RECORDS START

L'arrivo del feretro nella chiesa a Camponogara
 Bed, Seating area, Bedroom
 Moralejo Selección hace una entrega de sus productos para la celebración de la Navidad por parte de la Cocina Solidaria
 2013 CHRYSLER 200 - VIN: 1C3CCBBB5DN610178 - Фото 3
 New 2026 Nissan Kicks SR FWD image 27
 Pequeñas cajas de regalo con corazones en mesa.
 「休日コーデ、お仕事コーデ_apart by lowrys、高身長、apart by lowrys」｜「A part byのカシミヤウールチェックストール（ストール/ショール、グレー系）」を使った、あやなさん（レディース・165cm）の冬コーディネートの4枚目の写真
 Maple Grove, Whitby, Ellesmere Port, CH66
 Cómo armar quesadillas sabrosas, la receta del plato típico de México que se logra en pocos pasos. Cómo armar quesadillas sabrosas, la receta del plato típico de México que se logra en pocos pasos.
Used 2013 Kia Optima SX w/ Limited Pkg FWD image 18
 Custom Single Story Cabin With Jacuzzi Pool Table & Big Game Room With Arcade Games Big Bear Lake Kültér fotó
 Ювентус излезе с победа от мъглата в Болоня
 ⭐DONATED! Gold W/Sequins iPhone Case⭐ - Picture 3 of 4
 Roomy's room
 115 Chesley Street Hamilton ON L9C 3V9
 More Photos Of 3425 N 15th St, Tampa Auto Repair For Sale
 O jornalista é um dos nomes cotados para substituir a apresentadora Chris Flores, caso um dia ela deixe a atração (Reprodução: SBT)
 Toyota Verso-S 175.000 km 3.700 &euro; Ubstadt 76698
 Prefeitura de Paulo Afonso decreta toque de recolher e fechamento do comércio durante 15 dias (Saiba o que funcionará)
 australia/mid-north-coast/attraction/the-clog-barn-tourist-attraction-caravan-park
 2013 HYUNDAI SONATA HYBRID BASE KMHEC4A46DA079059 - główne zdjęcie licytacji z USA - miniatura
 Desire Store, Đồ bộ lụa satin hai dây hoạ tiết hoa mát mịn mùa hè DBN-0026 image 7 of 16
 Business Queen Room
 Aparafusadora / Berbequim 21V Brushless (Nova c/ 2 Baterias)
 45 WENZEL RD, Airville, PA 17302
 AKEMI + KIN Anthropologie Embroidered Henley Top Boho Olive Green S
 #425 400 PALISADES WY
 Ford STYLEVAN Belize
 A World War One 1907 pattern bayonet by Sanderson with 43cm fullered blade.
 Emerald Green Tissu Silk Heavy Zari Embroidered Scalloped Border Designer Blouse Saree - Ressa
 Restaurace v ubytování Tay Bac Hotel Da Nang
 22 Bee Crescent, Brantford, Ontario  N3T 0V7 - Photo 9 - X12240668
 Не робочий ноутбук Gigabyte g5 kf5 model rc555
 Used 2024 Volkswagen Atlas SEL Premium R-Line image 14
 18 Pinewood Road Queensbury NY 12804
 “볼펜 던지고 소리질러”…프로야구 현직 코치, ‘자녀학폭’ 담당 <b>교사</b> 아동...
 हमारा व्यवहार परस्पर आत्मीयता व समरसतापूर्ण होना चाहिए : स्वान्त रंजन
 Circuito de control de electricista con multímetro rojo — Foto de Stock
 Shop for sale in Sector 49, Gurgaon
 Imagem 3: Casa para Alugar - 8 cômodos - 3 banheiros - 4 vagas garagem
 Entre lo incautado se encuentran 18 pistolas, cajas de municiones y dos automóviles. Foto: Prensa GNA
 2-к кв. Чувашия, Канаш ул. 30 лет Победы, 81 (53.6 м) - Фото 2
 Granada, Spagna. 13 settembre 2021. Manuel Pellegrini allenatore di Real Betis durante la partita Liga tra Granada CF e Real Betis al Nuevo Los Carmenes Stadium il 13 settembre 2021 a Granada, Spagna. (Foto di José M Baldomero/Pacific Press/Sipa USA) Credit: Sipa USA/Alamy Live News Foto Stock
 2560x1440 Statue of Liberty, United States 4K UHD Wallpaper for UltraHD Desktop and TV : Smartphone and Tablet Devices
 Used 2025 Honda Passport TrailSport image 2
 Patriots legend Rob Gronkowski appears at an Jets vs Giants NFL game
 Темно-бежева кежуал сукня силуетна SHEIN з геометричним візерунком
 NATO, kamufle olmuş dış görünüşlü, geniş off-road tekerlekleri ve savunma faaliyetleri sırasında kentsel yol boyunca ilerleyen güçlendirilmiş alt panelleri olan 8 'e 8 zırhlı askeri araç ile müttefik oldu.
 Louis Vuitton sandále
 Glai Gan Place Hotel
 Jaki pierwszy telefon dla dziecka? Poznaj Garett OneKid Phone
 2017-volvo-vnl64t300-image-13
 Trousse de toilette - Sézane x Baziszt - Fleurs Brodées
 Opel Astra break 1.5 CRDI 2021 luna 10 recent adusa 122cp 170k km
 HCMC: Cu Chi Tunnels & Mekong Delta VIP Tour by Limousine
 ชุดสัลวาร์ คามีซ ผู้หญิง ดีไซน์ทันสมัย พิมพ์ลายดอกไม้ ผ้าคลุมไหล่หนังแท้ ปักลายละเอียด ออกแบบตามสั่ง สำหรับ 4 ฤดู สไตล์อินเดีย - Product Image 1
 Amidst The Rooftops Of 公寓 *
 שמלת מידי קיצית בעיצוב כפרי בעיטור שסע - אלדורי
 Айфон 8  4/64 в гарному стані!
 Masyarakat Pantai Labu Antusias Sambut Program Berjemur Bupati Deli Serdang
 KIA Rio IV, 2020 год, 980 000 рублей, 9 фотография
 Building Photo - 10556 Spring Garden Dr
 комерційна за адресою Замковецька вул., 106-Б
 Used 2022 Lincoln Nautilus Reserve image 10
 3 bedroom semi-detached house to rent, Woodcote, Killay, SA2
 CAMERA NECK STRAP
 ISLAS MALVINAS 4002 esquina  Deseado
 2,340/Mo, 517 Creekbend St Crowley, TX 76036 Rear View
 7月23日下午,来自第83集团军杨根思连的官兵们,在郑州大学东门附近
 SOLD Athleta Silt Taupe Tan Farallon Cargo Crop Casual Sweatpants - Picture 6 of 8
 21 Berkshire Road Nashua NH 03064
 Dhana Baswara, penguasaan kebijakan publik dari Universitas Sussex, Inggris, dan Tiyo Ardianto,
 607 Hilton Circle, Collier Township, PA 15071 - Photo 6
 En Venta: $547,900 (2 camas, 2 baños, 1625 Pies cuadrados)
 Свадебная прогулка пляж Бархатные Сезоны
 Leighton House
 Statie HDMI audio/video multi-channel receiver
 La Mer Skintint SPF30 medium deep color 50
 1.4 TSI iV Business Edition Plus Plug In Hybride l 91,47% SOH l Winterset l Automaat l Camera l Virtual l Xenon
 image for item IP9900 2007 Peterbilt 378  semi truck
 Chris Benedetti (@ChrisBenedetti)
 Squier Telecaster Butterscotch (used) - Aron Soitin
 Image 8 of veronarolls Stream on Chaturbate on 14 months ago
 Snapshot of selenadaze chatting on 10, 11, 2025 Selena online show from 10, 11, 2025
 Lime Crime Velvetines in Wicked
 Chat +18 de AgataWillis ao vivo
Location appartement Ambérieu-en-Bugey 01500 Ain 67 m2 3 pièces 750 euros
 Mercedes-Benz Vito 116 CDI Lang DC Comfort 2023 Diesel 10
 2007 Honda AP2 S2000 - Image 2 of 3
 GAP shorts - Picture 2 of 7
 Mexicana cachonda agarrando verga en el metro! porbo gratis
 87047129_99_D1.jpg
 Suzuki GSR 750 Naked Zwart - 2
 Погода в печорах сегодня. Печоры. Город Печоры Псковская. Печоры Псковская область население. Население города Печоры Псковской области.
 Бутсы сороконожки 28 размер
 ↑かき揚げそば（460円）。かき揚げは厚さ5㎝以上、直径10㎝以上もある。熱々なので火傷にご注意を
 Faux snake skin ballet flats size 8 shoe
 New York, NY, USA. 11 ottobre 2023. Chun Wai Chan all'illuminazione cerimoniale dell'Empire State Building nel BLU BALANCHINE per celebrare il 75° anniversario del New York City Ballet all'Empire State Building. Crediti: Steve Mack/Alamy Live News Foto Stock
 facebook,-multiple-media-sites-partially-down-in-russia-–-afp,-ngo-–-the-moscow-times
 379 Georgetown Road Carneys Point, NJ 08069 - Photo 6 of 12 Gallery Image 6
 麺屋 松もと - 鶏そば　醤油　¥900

RECORDS END

## TASK TO COMPLETE
Those lines above that contain the string "News" should be returned.

## SOLVED EXERCISE
 Granada, Spagna. 13 settembre 2021. Manuel Pellegrini allenatore di Real Betis durante la partita Liga tra Granada CF e Real Betis al Nuevo Los Carmenes Stadium il 13 settembre 2021 a Granada, Spagna. (Foto di José M Baldomero/Pacific Press/Sipa USA) Credit: Sipa USA/Alamy Live News Foto Stock
 New York, NY, USA. 11 ottobre 2023. Chun Wai Chan all'illuminazione cerimoniale dell'Empire State Building nel BLU BALANCHINE per celebrare il 75° anniversario del New York City Ballet all'Empire State Building. Crediti: Steve Mack/Alamy Live News Foto Stock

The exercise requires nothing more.